I was really looking forward to racing. I actually started tapering for it on Thursday. But the forecast got progressively worse for race day. Clipping a tree at 8mph two years ago was enough to shatter an ankle. I still have the bone density of a 70 year old woman. I think about that all the time whenever I mount a bicycle. It is healthy apprehension. I hope to ride to a very old age. Mix in greasy riding conditions and speed, well, one of two things will happen. The adrenaline of racing will lower my guard to a risk point beyond which my body cannot support, or I'll be overly cautious, and non-competitive. Either way, the cost-benefit analysis my engineering mind came up with said I should not head to Connecticut on Sunday. Bummer.
A couple weeks ago, Dave and I did a fast 40 miler MTB ride in the Chelmsford/Carlisle area. It was a blast, mostly fast, flowy trails that could be hammered. Dave and Isaac St. Martin were both up for a similar ride on Saturday. We needed to keep it very local for all three of us, so the FOMBA-Bear Brook ride sounded like a good option. The perennially muddy spots had long since dried up. The FOMBA trail system had opened just two days earlier too!
For the first time this year, I came into a weekend with fresh legs. I was in the mood for hammering. My Racer-X was tuned up for racing too. I put the Schwalbe Racing Ralph tires back on. That took 2.3 pounds off the bike from the Kenda Small Block 8's, amazingly. Snappy legs, snappy bike.
We (I) bolted hard right from the Massabesic Lake parking lot. An adrenaline hopped up caffeine buzz at 8:30am is a wonderful thing. Lots of big-ring speed was to be had on the carriage roads and singletrack around the lake.
We cut into FOMBA, hitting Woodpecker and Hemlock trails at crazy speeds too. Dave was wondering what he got himself into. He did intervals the day before and probably had poopy legs like I normally do on Saturdays. Do you think I would have any mercy? Of course not! All the more reason to drill it.
Coming out of FOMBA, Isaac asked if we wanted to try a different way to Bear Brook than Trail 15, the major north-south state snowmobile route. I was a little doubtful at first, as I assumed there'd be a lot of road in it. Turns out there was zero pavement. Isaac led us through a network of ATV trails, bony creek bottom doubletracks, gravel roads, and some super secret barely there singletrack. And there was plenty of climbing. Ninety minutes in, I sensed doom later in the ride.
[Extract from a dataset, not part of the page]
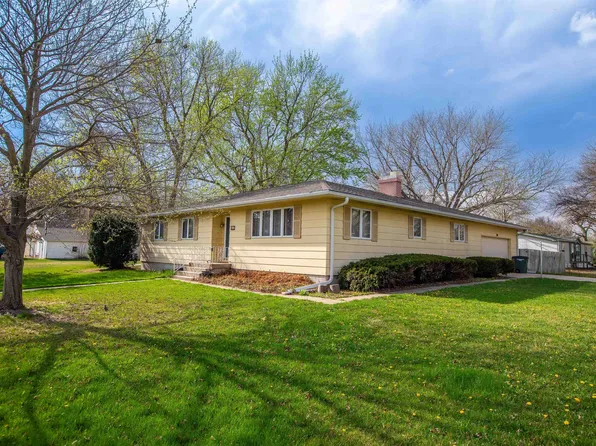 310 E 9th St, Juniata, NE 68955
I wrote a few intensity checks that my body wouldn't be able to cash in another hour or two.
Dave coming up the barely there, super secret "Candia Drop."
Doesn't look steep, but it's about 30% grade.
We entered Bear Brook State Park by Beaver Pond. It was pretty much all singletrack from there, hitting Beaver Pond, Hemlock, Bear Brook, Alp d'Huez, Catamount, Bear Hill and more. The climb up Bear Hill put a deep sting in my legs. I was surprised I hadn't cramped yet.
Dave, Isaac and Hill Junkie on Bear Hill with the ant mounds.
Isaac and Dave led the descent off Bear Hill. That apprehension I mentioned above, it holds me back on sketchy descents. I ate a plume of dust kicked up by the other two the whole way down. Popping out by Bear Hill Pond ended our loop through Bear Brook State Park. It was now time to head back via Trail 15.
Plenty more hammering ensued. Even though I was feeling quite wrecked, my energy level was still very good. I hadn't felt this good in many weeks. Sure would have been nice to unleash this during a race. Oh well, it was spectacularly nice on Saturday. Everything was dry. We were making record time around Isaac's variant of the loop.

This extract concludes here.